The skills of Gen Y

It seems that Gen Y is not all bad, their technical skills save them, other than that we need to write the off as a wasted generation. What! Well that’s what 315 business leaders across Australia would like us to think based on the results of a survey conducted by SmartCompany in conjunction with Roy Morgan Research and Dun & Bradstreet.

The Australian IT has an interesting summary with quotes like:-

They were also more likely to demand better office amenities, time off to study, and more training opportunities and mentoring.

Some 48 per cent of the SME owners were disappointed by Gen-Y communications skills, and 37 per cent complained of a lack of acceptable professional skills.

The SmartCompany article has some very damming quotes:-

Poor spelling and grammar and a failure to understand what constitutes appropriate corporate behaviour are the biggest bugbears, with almost 70% of surveyed employers reporting dissatisfaction with their Gen-Y employees’ performance in those areas.


Once they’re on staff, Nagle says it is important to constantly communicate with, train and “indulge” Gen-Y staff to build relationships and get them enthused about being at work.

These people need constant work, why bother! 😉

Well it is not all that bad:-

However, Gen-Y have a key strength in tech skills, the poll finds. While 94 per cent of employers considered Gen-Y employees demanding in seeking the latest hi-tech gear, 85 per cent were happy with their younger workers’ technology skills.

Gen-Y was more focused on the community and the environment than earlier generations.

Some tips from SmartCompany on getting the best from your Gen Y’s

1. Retention starts with recruitment.

2. Be flexible.

3. Provide the ‘why’.

4. Provide regular and constructive feedback.

5. Set clear career paths and determine goals.

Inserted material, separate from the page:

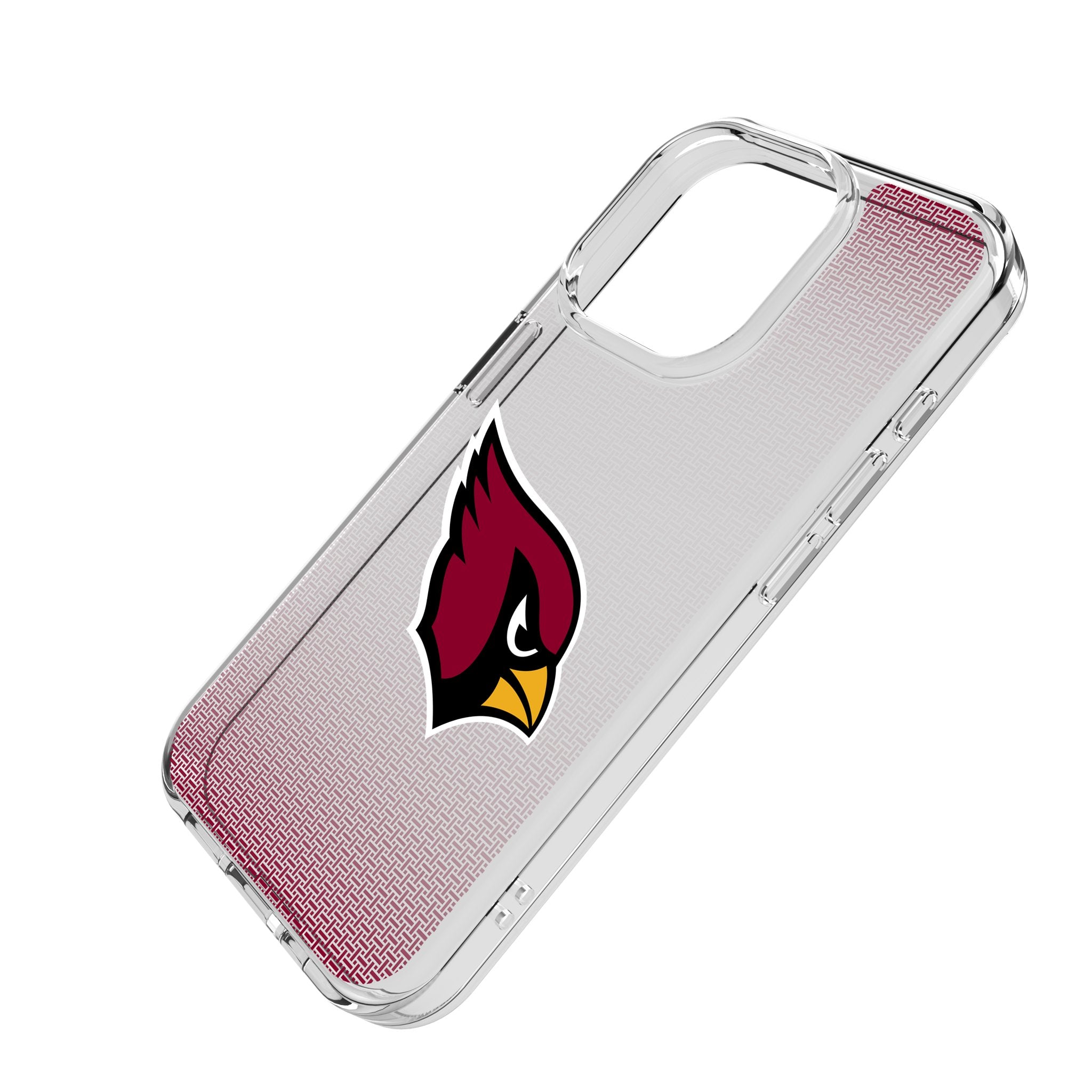 Arizona Cardinals Clear Linen Phone Case for iPhone 14 13 12 11 Pro Max XR XS - Slim Protective Cover for Football Fans - Perfect for Game Day & Daily Use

6. Coaching and mentoring appeals to this demographic.

7. Salary, salary, salary.

8. Develop an organisational culture that is inclusive of everyone.

9. Watch your words.

10. Practice what you preach.

Are you up to the challenge? If so Management Issues has some further tips here, and here.

11 thoughts on “The skills of Gen Y

  1. Some tips from SmartCompany on getting the best from your Gen Y’s

    This list applies to most employees, not just Gen Y.

    Frankly, I think the Gen Y thing is a crock of you know what.

  2. Kevin you angry old man 🙂

    Actually the list would apply to most employees, however the way that you implement the list would have to differ slightly.

  3. The list does apply to most employees. However, Gen Y do not hold back in openly expressing that this is what they want. I think it is about time the employers and managers took notice.

  4. As a Gen Yer myself I feel that these results are simply a reflection of the world we live in.
    We’ve grown up with a more relaxed teaching environment where teachers are our friends and not our masters and I think we’re carrying this over to the working world.

  5. Kevin you angry old man 🙂

    Outraged of Melbourne here 🙂

    I just think there is far too much generalisation about Gen Y.

    The openness and directness of Gen Y is something very new for many manager.

    If everyone born between 1977 and 1992 are open and direct that’s a good thing! As an employer I would much rather know what my employees are feeling and what they are looking for.

    But realistically, to say everyone born in a 15 year window has certain behavioural traits and expectations is nonsense. IMHO

  6. Putting aside the massive generalisations….

    I suppose by poor professional conduct they are referring to actually being a human being when working for a company.

    Business managers who cling to these survey results as support for their inability to engage the younger generation are completely out of touch with the new business paradigm: being real.

    If the company line is crap, don’t blame Gen-Y for not towing it. You won’t have to worry about this if you work for a business which is actually creating value and treating its customers with respect.

  7. Now that’s arrogant. And I presume the last few posts are Gen Y. Tsk! The spelling. And Tsk! The expectations that you are Soooooooo Special.

    Get over yourselves. If you don’t want the money, ask mommee and daddeee for your allowance.